(Extracted data entries)
^^^^^^^^

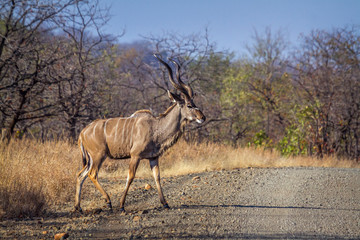 Greater kudu in Kruger National park, South Africa ; Specie Tragelaphus strepsiceros family of Bovidae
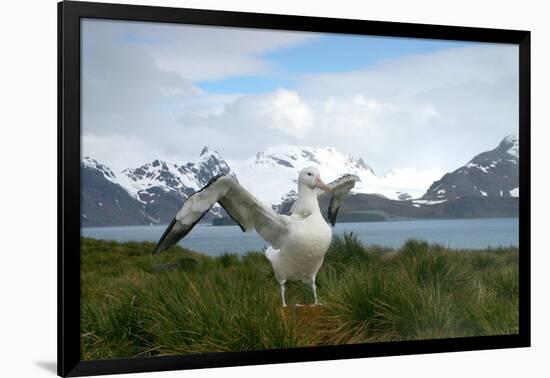 Wandering Albatross at Nesting Site on Albatross Island-Darrell Gulin-Framed Photographic Print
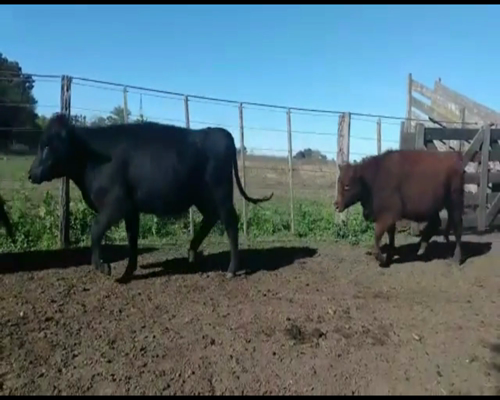 Lote Vaquillonas Angus (16 negras; 2 coloradas) Preñadas, en Las Flores, PBA.-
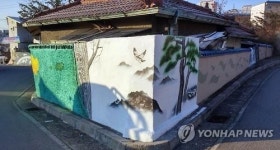 춘천 삭막한 골목이 벽화로 단장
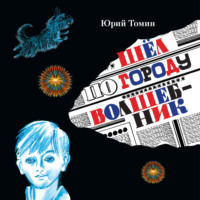 . Шёл по городу волшебник
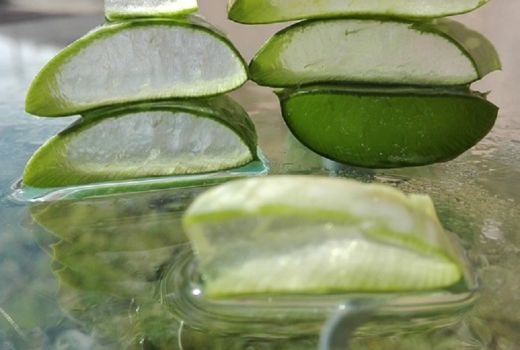 Ladies, Yuk Simak 4 Tanaman yang Punya Manfaat Kecantikan - GenPI.co JATIM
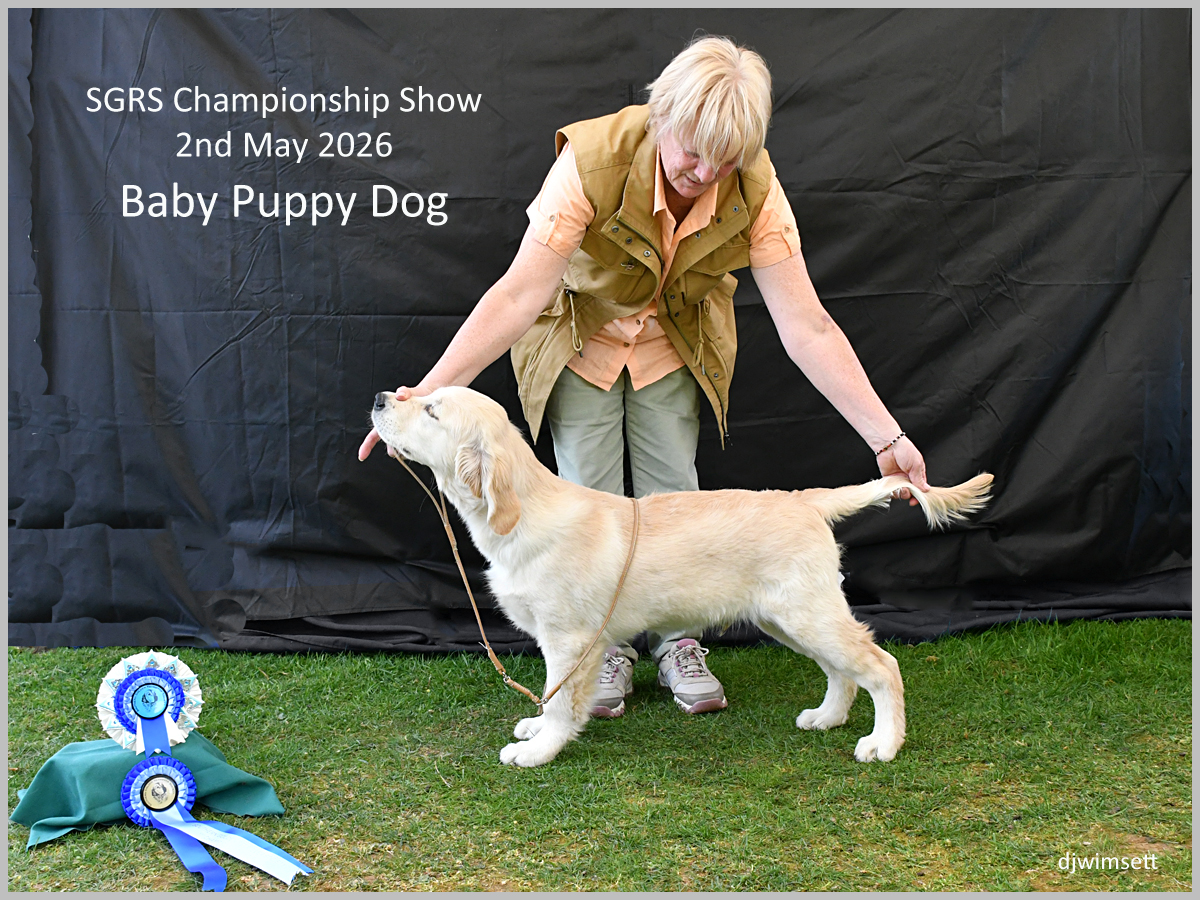 The image shows a golden Labrador Retriever puppy, possibly dressed in a show ribbon, being presented at the SGRS Championship Show on May 2, 2026.
AI-generated content may be incorrect.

^^^^^^^^

_Your goal:_
In your copy, exclude the pictures and repeat each entry above exactly.

_Solution to this task:_
 Greater kudu in Kruger National park, South Africa ; Specie Tragelaphus strepsiceros family of Bovidae
 Wandering Albatross at Nesting Site on Albatross Island-Darrell Gulin-Framed Photographic Print
 Lote Vaquillonas Angus (16 negras; 2 coloradas) Preñadas, en Las Flores, PBA.-
 춘천 삭막한 골목이 벽화로 단장
 . Шёл по городу волшебник
 Ladies, Yuk Simak 4 Tanaman yang Punya Manfaat Kecantikan - GenPI.co JATIM
 The image shows a golden Labrador Retriever puppy, possibly dressed in a show ribbon, being presented at the SGRS Championship Show on May 2, 2026.
AI-generated content may be incorrect.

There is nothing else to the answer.